“A timeout was reached while waiting for the servi

2019-01-31 06:44发布

问题:

I have a custom-written Windows service that I run on a number of Hyper-V VMs. The VMs get rebooted a couple times an hour as part of some automated tests being run. The service is set to automatic start and almost all of the time, it starts up fine.

However, maybe 5% of the time, with no pattern that I can discern, the service fails to start. When it fails, I get an error in Event Viewer saying

A timeout was reached (30000 milliseconds) while waiting for the My Service Name service to connect.

When this occurs, I can start the service manually, or restart again, and the service will start fine.

The thing I can't figure out is that the 30 second timeout doesn't appear to be occurring in my code. The very first line of my service class's OnStart() method logs "Starting..." to its log4net log. When the service fails to start, I don't even get anything logged at all, which indicates to me that either log4net can't log for whatever reason, or the timeout is occurring before my OnStart() gets called.

The service runs on a variety of OSes, from XP all the way up to Win7 and 2008R2, and I know that setting the service to delayed start may solve this for Vista and later, but that seems like a hack.

I haven't been able to remote debug this because of the fact that it happens so intermittently and during system startup, and I'm at a loss as to further ways to try to figure out what's going on. Any ideas?

回答1:

You may want to look at this post, it's not identical to your situation but the solution does offer sound advice on Windows services and startup functionality.



回答2:

My guess - and that's all it is - is that the disk is thrashing hard during startup, to the point where the .NET Framework itself isn't starting in the 30 seconds that Windows allocates for services to start.

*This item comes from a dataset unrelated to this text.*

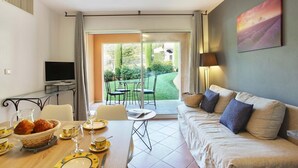 Ein modernes Wohnzimmer mit einer Couch, einem Esstisch gedeckt mit Tellern und Gläsern, einem Fernseher und Blick auf einen Garten durch eine Schiebetür.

A kludgy workaround may be to set the service to start manually, then write a very small stub service in unmanaged code (e.g. C++, Delphi) to start the service.

Another approach may be to start the service remotely from another machine. The sc command should do the job nicely.



回答3:

For what it's worth, I discovered that I received this message (almost immediately upon service startup) because I did not have version 4.5 of the .NET framework installed on the target machine. I rolled back the version I was using to version 4.0 (which was already installed on the target machine) and the service worked as expected.



回答4:

I was seeing this error in the Event Viewer when trying to install a service with powershell.

The problem I had was that I had different values for "Service Name" and "Service Display Name" in my powershell script to those that I had specified in the program.cs file of my Console Application.



回答5:

I think I may have also found another contributing factor to this kind of does not start on reboot error.

It appears that if the Windows Event Log is set to Overwrite Events > 7days.. size 512kb.. But a lot of activity has occurred within this window, then Event Log is effectively full because it can't overwrite the number of events generated inside that timeframe. If you set the eventlog to a much larger size OR to Overwrite as needed then you won't experience this issue



回答6:

My issue with the same error was that the .Net installation on the server was not working correctly.

To figure this out:

I made a small console app with identical logic as the executing service, and I made a try-catch around the whole code piece, dumping it all out to console.

Not sure why the information didn't bubble up, but we saw the valuable messages about the Framework errors that we would never have seen otherwise.



回答7:

We are having the same problem on Windows 2016 Server.

A fix that seems to be working is changing the user under which the service running from Local Service Account to local Administrator (not sure what's the cause).